• _Exercise description_:
Quote exactly, and only, the lines from the one containing "Mark Ruffalo ekskluzivno" through the end of the material below. Skip pictures.

• _Supplied data_:
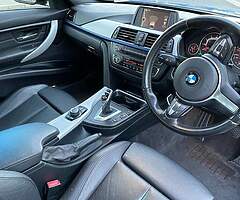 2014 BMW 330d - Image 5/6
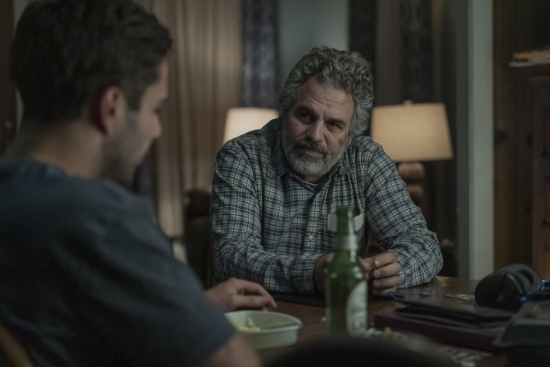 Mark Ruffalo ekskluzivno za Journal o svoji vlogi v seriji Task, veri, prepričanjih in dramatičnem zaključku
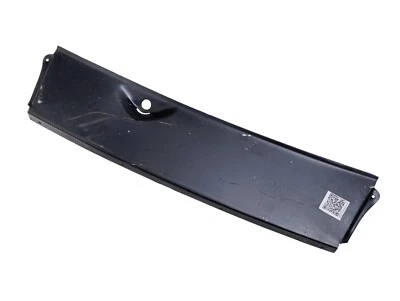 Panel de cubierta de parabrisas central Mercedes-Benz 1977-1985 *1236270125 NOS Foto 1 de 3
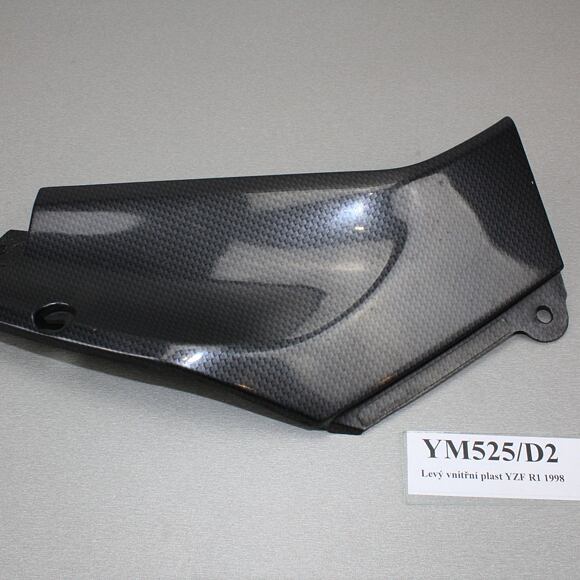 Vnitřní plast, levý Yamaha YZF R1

• _Solution for this problem_:
 Mark Ruffalo ekskluzivno za Journal o svoji vlogi v seriji Task, veri, prepričanjih in dramatičnem zaključku
 Panel de cubierta de parabrisas central Mercedes-Benz 1977-1985 *1236270125 NOS Foto 1 de 3
 Vnitřní plast, levý Yamaha YZF R1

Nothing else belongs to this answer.